Tight check of pfn_valid on sparsemem [Kernel]

Prev: Linux 2.6.35-rc5
Next: OCFS2: Allow huge (> 16 TiB) volumes to mount

From: KAMEZAWA Hiroyuki on 13 Jul 2010 04:10

On Tue, 13 Jul 2010 17:06:56 +0900
Minchan Kim <minchan.kim(a)gmail.com> wrote:

> On Tue, Jul 13, 2010 at 3:40 PM, KAMEZAWA Hiroyuki
> <kamezawa.hiroyu(a)jp.fujitsu.com> wrote:
> > On Tue, 13 Jul 2010 15:04:00 +0900
> > Minchan Kim <minchan.kim(a)gmail.com> wrote:
> >
> >> >> > 2. This can't be help for a case where a section has multiple small holes.
> >> >>
> >> >> I agree. But this(not punched hole but not filled section problem)
> >> >> isn't such case. But it would be better to handle it altogether. :)
> >> >>
> >> >> >
> >> >> > Then, my proposal for HOLES_IN_MEMMAP sparsemem is below.
> >> >> > ==
> >> >> > Some architectures unmap memmap[] for memory holes even with SPARSEMEM.
> >> >> > To handle that, pfn_valid() should check there are really memmap or not.
> >> >> > For that purpose, __get_user() can be used.
> >> >>
> >> >> Look at free_unused_memmap.
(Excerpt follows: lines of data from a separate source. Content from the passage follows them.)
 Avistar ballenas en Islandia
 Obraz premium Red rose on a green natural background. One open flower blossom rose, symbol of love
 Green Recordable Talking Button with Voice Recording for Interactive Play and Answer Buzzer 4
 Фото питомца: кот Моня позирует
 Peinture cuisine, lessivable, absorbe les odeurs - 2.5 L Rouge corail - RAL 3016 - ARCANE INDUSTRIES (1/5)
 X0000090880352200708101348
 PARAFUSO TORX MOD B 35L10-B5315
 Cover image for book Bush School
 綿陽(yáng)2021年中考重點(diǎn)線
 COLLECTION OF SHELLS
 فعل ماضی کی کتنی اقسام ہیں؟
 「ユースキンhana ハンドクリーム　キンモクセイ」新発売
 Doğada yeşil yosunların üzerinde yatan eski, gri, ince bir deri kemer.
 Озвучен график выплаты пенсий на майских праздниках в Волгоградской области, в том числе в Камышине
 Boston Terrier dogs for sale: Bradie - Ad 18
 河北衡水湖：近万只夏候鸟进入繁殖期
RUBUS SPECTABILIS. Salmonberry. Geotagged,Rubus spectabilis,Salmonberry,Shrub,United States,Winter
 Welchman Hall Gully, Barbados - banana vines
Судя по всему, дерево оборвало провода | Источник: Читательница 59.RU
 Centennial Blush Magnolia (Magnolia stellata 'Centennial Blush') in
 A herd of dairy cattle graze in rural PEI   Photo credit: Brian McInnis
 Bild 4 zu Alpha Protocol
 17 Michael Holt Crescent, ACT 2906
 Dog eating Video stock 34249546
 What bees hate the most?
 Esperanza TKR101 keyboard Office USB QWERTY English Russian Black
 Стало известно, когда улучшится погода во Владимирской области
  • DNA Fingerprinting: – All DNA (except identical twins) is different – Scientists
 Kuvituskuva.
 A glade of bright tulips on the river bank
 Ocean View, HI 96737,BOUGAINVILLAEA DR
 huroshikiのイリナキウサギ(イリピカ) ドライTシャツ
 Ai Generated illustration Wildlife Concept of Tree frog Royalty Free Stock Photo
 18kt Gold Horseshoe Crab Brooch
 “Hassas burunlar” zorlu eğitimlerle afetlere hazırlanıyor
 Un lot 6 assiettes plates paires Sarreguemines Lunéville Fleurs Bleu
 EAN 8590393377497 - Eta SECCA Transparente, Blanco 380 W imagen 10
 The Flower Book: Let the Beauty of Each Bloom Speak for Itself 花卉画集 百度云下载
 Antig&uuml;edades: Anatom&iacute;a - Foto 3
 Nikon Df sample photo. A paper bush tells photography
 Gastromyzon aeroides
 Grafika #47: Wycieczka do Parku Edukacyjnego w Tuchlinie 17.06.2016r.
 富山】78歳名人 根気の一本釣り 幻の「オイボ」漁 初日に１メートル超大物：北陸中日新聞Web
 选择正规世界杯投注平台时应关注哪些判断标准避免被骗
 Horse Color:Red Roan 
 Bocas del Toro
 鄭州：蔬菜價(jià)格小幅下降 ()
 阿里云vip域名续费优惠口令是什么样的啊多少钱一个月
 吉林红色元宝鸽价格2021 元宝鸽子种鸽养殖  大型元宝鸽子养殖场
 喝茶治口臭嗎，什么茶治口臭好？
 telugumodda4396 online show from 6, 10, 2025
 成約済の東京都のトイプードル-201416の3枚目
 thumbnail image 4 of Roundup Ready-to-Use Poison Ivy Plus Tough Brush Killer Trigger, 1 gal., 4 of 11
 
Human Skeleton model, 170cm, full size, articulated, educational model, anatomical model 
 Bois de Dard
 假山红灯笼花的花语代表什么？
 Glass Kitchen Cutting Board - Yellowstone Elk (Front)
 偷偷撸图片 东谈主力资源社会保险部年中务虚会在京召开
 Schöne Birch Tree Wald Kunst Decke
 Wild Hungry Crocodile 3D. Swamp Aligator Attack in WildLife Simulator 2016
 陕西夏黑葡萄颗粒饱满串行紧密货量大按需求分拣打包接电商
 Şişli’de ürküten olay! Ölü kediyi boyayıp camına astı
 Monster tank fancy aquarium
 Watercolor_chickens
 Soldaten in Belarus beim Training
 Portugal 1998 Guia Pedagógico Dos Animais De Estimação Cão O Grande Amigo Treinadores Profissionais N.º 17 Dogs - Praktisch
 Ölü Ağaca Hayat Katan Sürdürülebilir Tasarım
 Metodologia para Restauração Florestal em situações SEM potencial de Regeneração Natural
We don't unmap pte of hole memmap.
> >> >> Is __get_use effective, still?
> >> >>
> >> > __get_user() works with TLB and page table, the vaddr is really mapped or not.
> >> > If you got SEGV, __get_user() returns -EFAULT. It works per page granule.
> >>
> >> I mean following as.
> >> For example, there is a struct page in on 0x20000000.
> >>
> >> int pfn_valid_mapped(unsigned long pfn)
> >> {
> >> struct page *page = pfn_to_page(pfn); /* hole page is 0x2000000 */
> >> char *lastbyte = (char *)(page+1)-1; /* lastbyte is 0x2000001f */
> >> char byte;
> >>
> >> /* We pass this test since free_unused_memmap doesn't unmap pte */
> >> if(__get_user(byte, page) != 0)
> >> return 0;
> >
> > why ? When the page size is 4096 byte.
> >
> > 0x1ffff000 - 0x1ffffffff
> > 0x20000000 - 0x200000fff are on the same page. And memory is mapped per page.
>
> sizeof(struct page) is 32 byte.
> So lastbyte is address of struct page + 32 byte - 1.
>
> > What we access by above __get_user() is a byte at [0x20000000, 0x20000001)
>
> Right.
>
> > and it's unmapped if 0x20000000 is unmapped.
>
> free_unused_memmap doesn't unmap pte although it returns the page to
> free list of buddy.
>
ok, I understood. please see my latest mail and ignore all others.

-kame

--
To unsubscribe from this list: send the line "unsubscribe linux-kernel" in
the body of a message to majordomo(a)vger.kernel.org
More majordomo info at http://vger.kernel.org/majordomo-info.html
Please read the FAQ at http://www.tux.org/lkml/

From: Mel Gorman on 13 Jul 2010 05:40

On Tue, Jul 13, 2010 at 12:53:48AM +0900, Minchan Kim wrote:
> Kukjin, Could you test below patch?
> I don't have any sparsemem system. Sorry.
>
> -- CUT DOWN HERE --
>
> Kukjin reported oops happen while he change min_free_kbytes
> http://www.spinics.net/lists/arm-kernel/msg92894.html
> It happen by memory map on sparsemem.
>
> The system has a memory map following as.
> section 0 section 1 section 2
> 0x20000000-0x25000000, 0x40000000-0x50000000, 0x50000000-0x58000000
> SECTION_SIZE_BITS 28(256M)
>
> It means section 0 is an incompletely filled section.
> Nontheless, current pfn_valid of sparsemem checks pfn loosely.
>
> It checks only mem_section's validation.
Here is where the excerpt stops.